**Task to complete**.
Copy each line of the records exactly, stopping only after the line that contains "2 Bedrooms Apartment" has been written, and leave pictures out.

**Records for this task**.
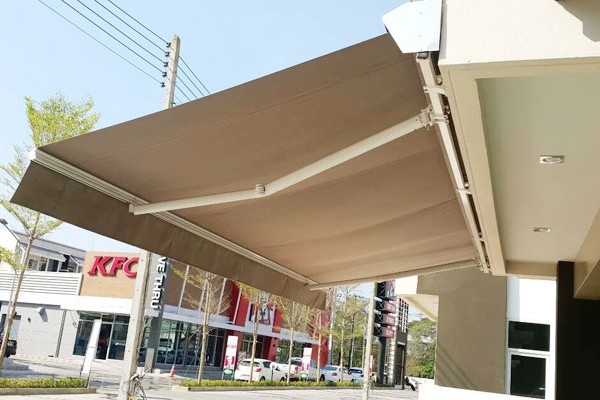04-retractable-awnings22267F49-3D25-AD79-0193-D6263B1660DB.jpg
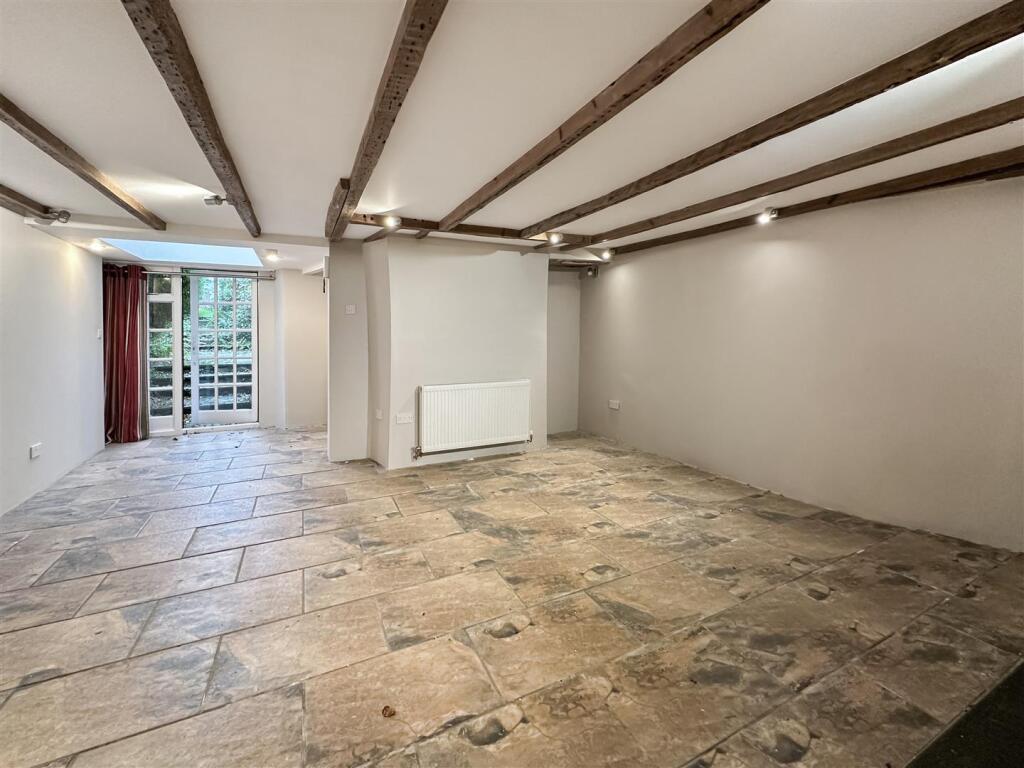 Dining Room.jpg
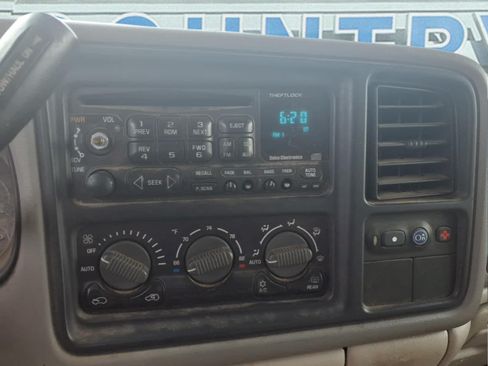 Used 2000 GMC Yukon XL SLT w/ SLT Marketing Opt Pkg AWD/4WD image 18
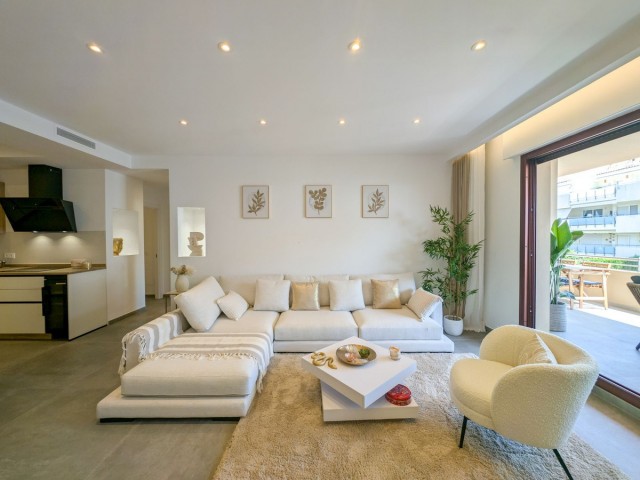 2 Bedrooms Apartment in San Pedro de Alcántara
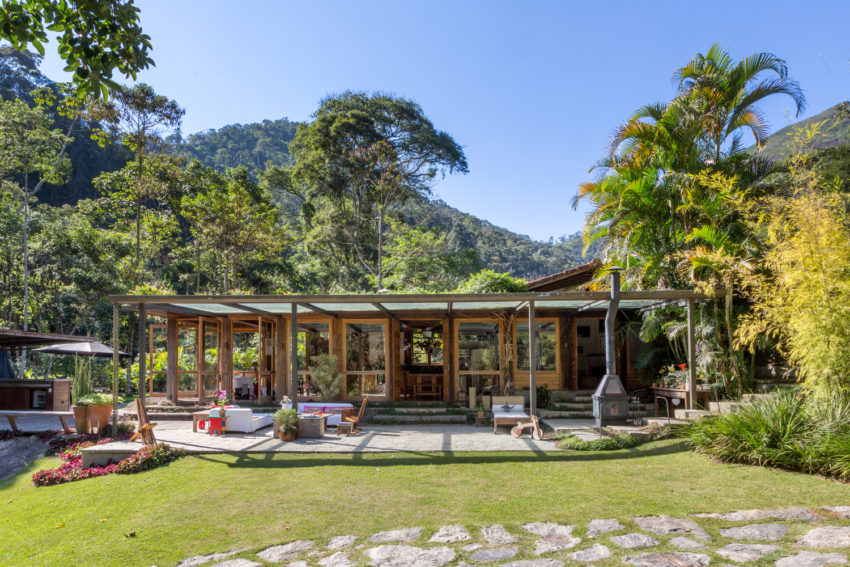 Dreamy Brazilian House in Correas created by Rodrigo Simão Arquitetura as a beautiful escape home 由RodrigoSimmogoArquitura创建的梦幻般的巴西住宅，作为一个美丽的逃离家园-8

**Solution**.
04-retractable-awnings22267F49-3D25-AD79-0193-D6263B1660DB.jpg
 Dining Room.jpg
 Used 2000 GMC Yukon XL SLT w/ SLT Marketing Opt Pkg AWD/4WD image 18
 2 Bedrooms Apartment in San Pedro de Alcántara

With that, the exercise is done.